▶ [EXERCISE DIRECTIONS]: Leave out all pictures. Extract exactly the lines from the one containing "Università di Scienze" through the end of the data.

▶ [STORED DATA]:

◆ ◆ ◆ ◆ ◆

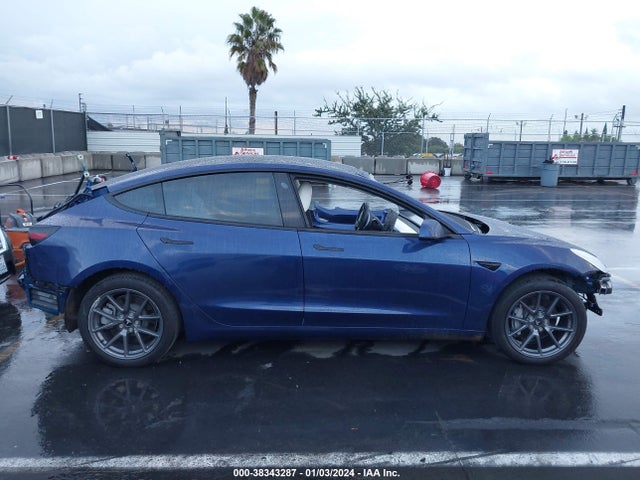 5YJ3E1EB5NF364633 Tesla Model 3 Long Range Dual Motor All-wheel Drive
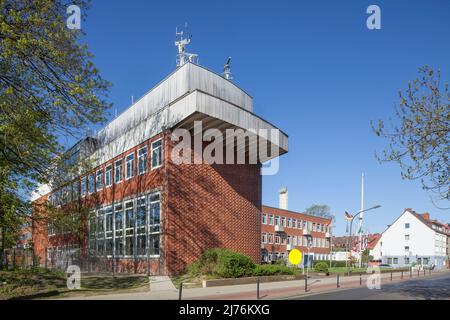 Università di Scienze applicate di Brema, Werderstraße, Brema, Germania, Europa Foto Stock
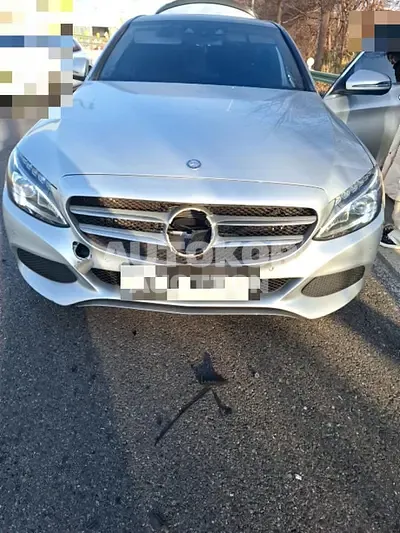 2017, Mercedes-Benz / C 220, 150275 км., diesel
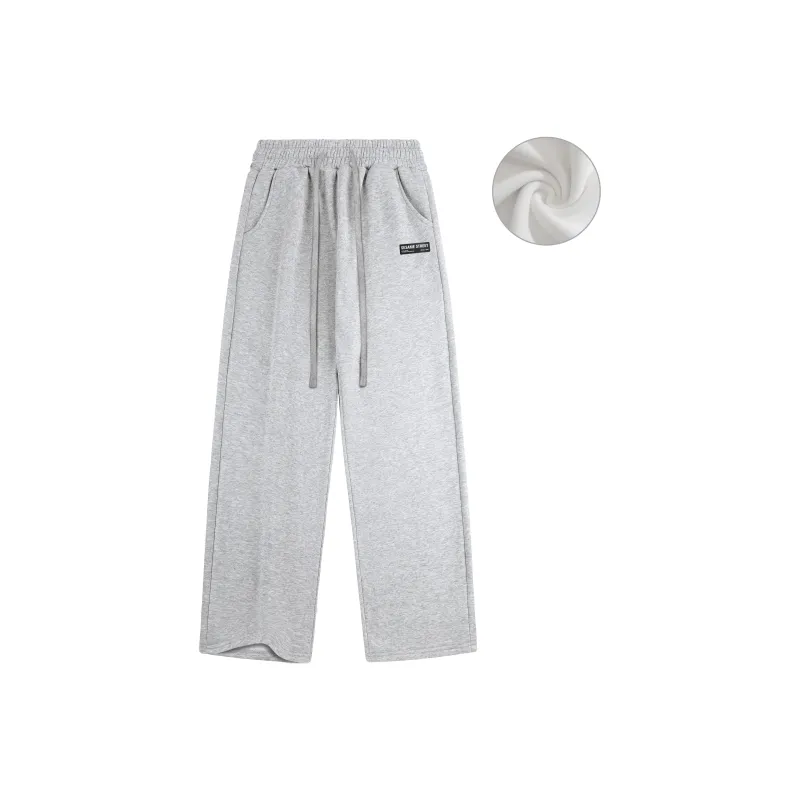 SESAME STREET Casual Pants Thickened And Fleece Lined Unisex-9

◆ ◆ ◆ ◆ ◆

▶ [TASK RESULT]:
 Università di Scienze applicate di Brema, Werderstraße, Brema, Germania, Europa Foto Stock
 2017, Mercedes-Benz / C 220, 150275 км., diesel
 SESAME STREET Casual Pants Thickened And Fleece Lined Unisex-9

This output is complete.